142 A. 106 | Md. | 1928
Lead Opinion
Some time during the second week of January, 1926, at about 11 o'clock in the morning, the plaintiff, walking east on the south side of Franklin Street, when she reached the west side of Park Avenue, turned to the north to cross Franklin Street. She testified that she looked up and down both streets "to see if I could see any cars," and didn't see any cars or automobiles, whereupon "I started across, and I got as far as across the last car track, and I went to cross, when this street car hit me, and I just seen the street car as it went to hit me and there was no street car sound, that is, the street car conductor did not ring a bell. And when it struck me I fell, and I don't remember much after that, only I hit my head"; that she was not a Baltimorean but had been living in Baltimore about two years, for a month at 865 Park Avenue, before that on Twenty-fifth Street. "When going from my Park Avenue home in order to get down town I walked straight down Park Avenue. In going back from down in the shopping district I would sometimes go back that way too. I didn't know the streets very well right in the central part of the city but at that time I was eating on Howard Street. I have walked up and down Park Avenue a few times before this accident occurred." Q. And did you come across Franklin Street? A. No, I did not always come across Franklin Street; if I had I would have known where the car tracks were."

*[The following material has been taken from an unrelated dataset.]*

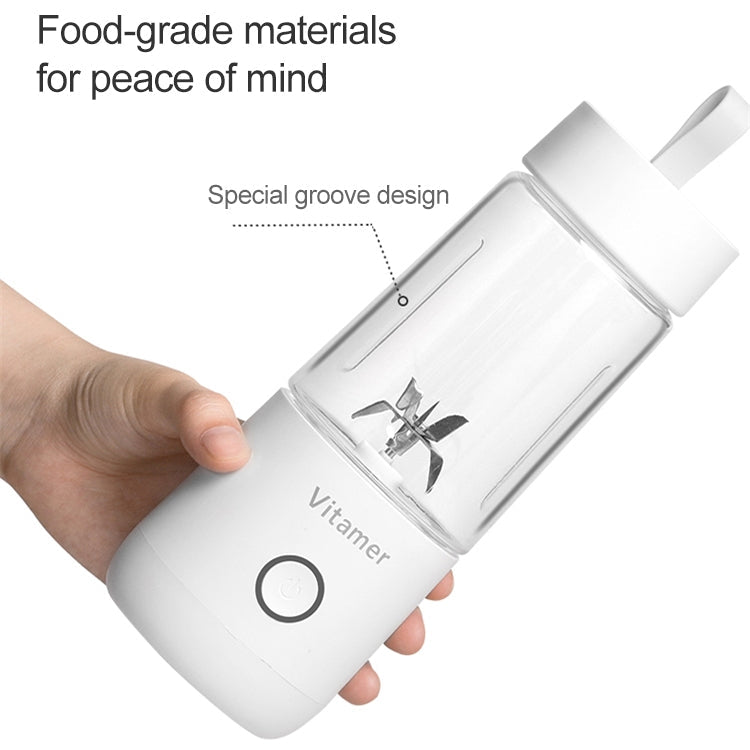 Vitamer USB Mini Portable Juicer Juice Blender Lemon Fruit Squeezers Reamers Bottle (White)
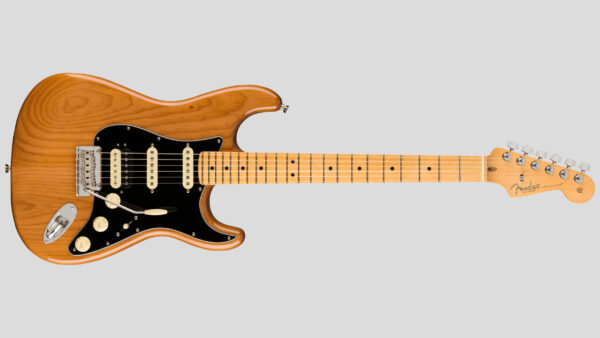 Fender American Pro II Strato HSS Roasted Pine 0113912763 Made in Usa inclusa custodia rigida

Witness further testified that she didn't see any traffic at that corner at that time; that she saw the car just before it hit her, but not in time to get out of the way; that she didn't remember how close the car was to her when she first saw it, but it was a very short distance; that it "practically struck me before I seen it, but I seen it before it hit me." *345 Asked whether she was crossing on what would be the path of people crossing the street, she replied, "Yes, I walked where most people walk across the street." She further testified that the way was perfectly clear so far as she recalled; that she walked across the street slowly; that she got across the first car track and was about to step off the second track when the car hit her.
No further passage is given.